## YOUR ASSIGNMENT
Would you repeat each line below exactly, without the pictures?

## DATASET CONTENT
● ● ● ● ●

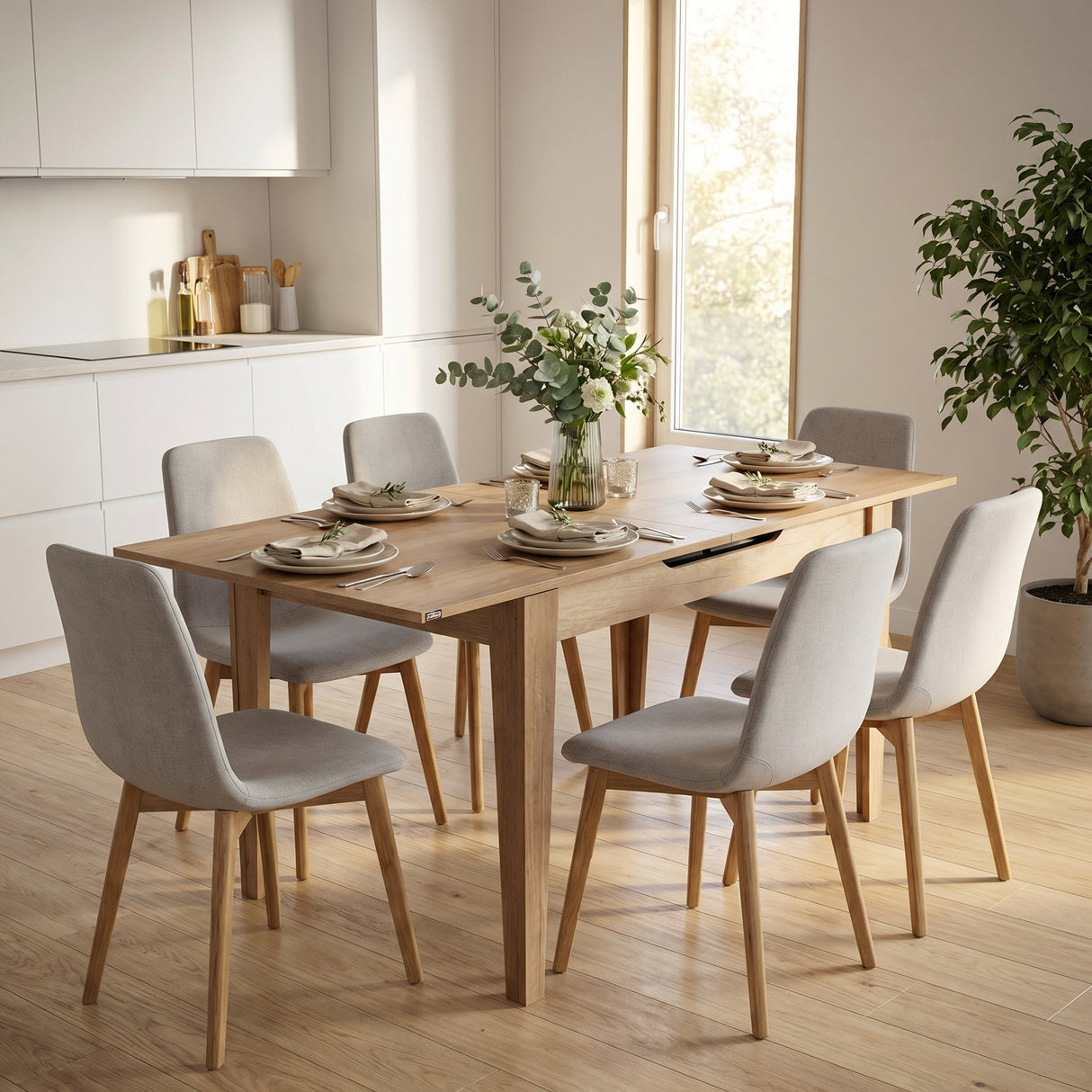 Masă de sufragerie MMS-706-FF-1 Home Collection®, Design Modern, Extensibilă, 120–150 cm, 120x70x75 cm - Lemn Natural | SKU: MMS-706-FF-1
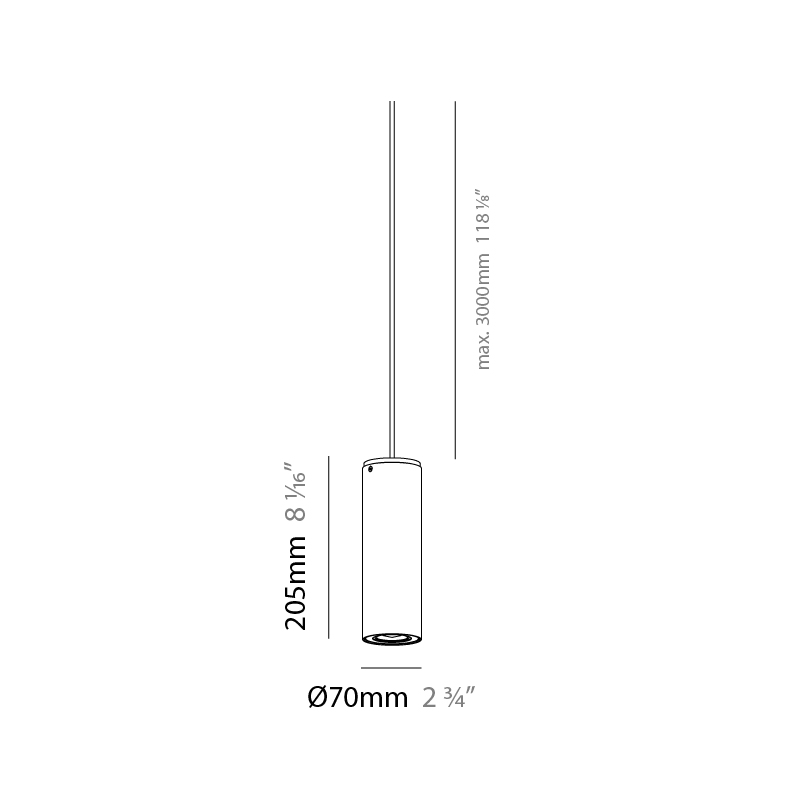 Kronn by Milan – 2 3/4″ x 8 1/16″ Suspension, Pendant offers quality European interior lighting design | Zaneen Design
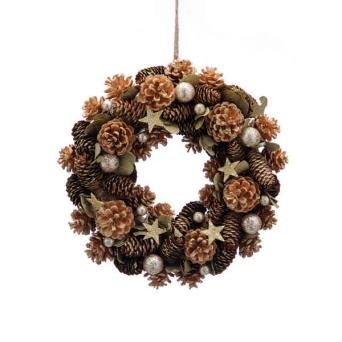 36cm gold pinecone and gold star wreath in box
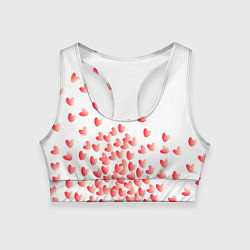 Топик спортивный женский Падающие сердечки, цвет: 3D-принт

● ● ● ● ●

## EXERCISE SOLUTION
 Masă de sufragerie MMS-706-FF-1 Home Collection®, Design Modern, Extensibilă, 120–150 cm, 120x70x75 cm - Lemn Natural | SKU: MMS-706-FF-1
 Kronn by Milan – 2 3/4″ x 8 1/16″ Suspension, Pendant offers quality European interior lighting design | Zaneen Design
 36cm gold pinecone and gold star wreath in box
 Топик спортивный женский Падающие сердечки, цвет: 3D-принт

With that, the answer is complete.